** Try it **
Write out the lines of the material below exactly, beginning at the line with "Cenicero Madera Cardhu" and stopping after the line with "女足世界杯：西班牙小胜英格兰历史性夺冠 奖金金额不到男足四分之一 - 1", and leave out the pictures.

** Data for processing **
[Start of Attachment]

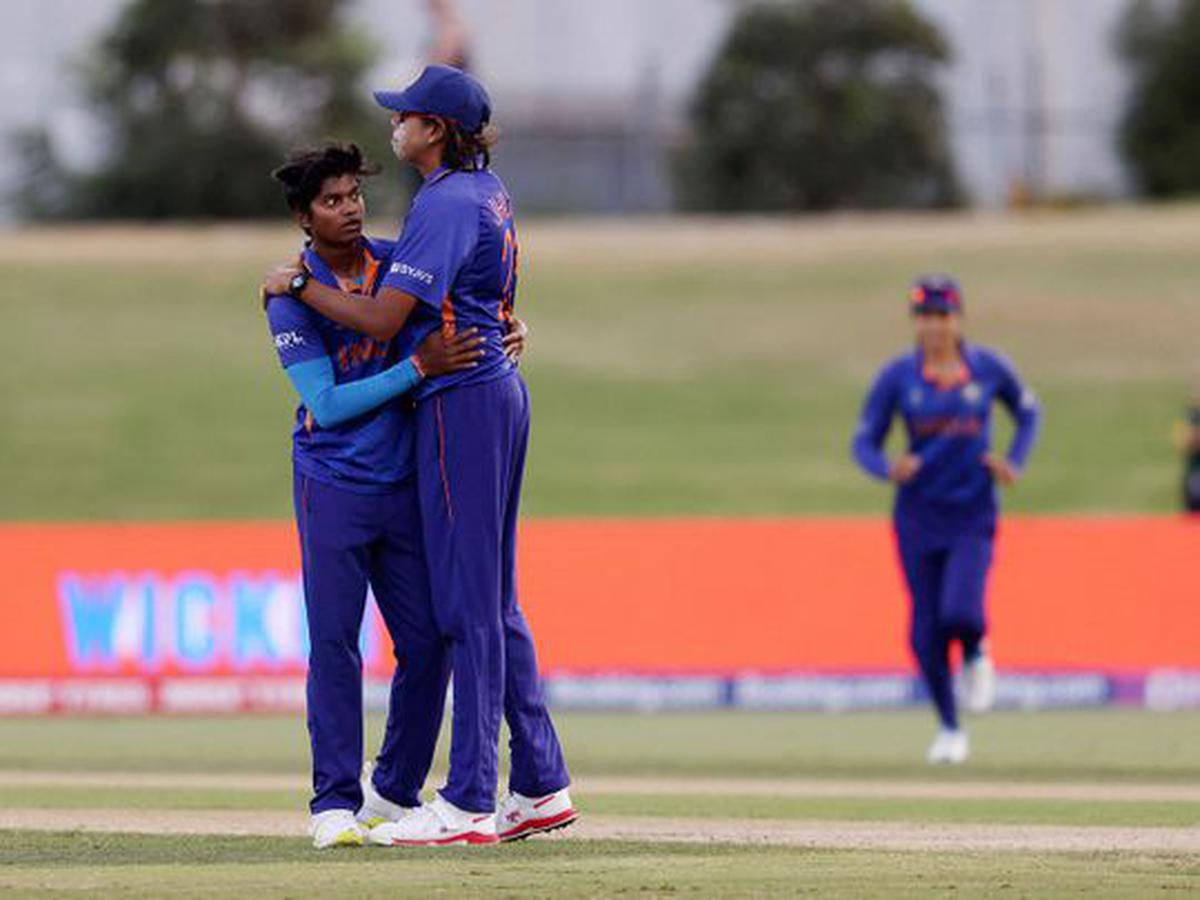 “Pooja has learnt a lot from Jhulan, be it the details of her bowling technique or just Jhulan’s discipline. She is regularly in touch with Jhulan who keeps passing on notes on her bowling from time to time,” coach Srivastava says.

[End of Attachment]
[Start of Attachment]

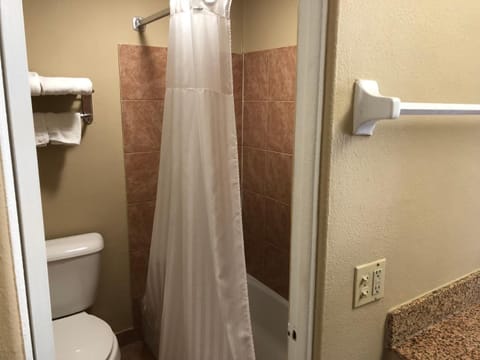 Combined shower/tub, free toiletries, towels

[End of Attachment]
[Start of Attachment]

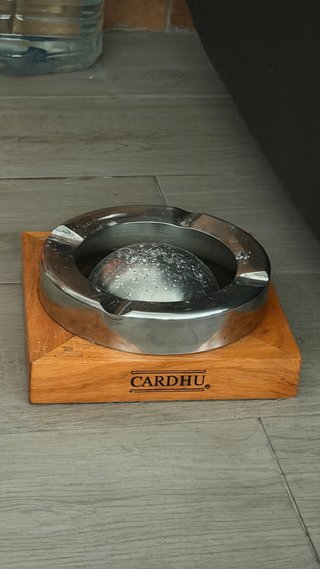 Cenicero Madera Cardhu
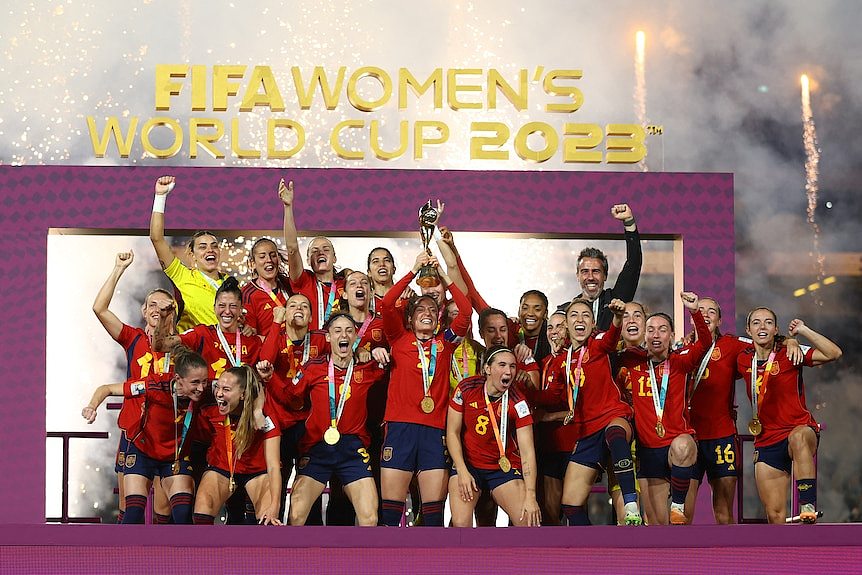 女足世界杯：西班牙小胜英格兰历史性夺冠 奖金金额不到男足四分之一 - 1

[End of Attachment]

** Output of the exercise **
 Cenicero Madera Cardhu
 女足世界杯：西班牙小胜英格兰历史性夺冠 奖金金额不到男足四分之一 - 1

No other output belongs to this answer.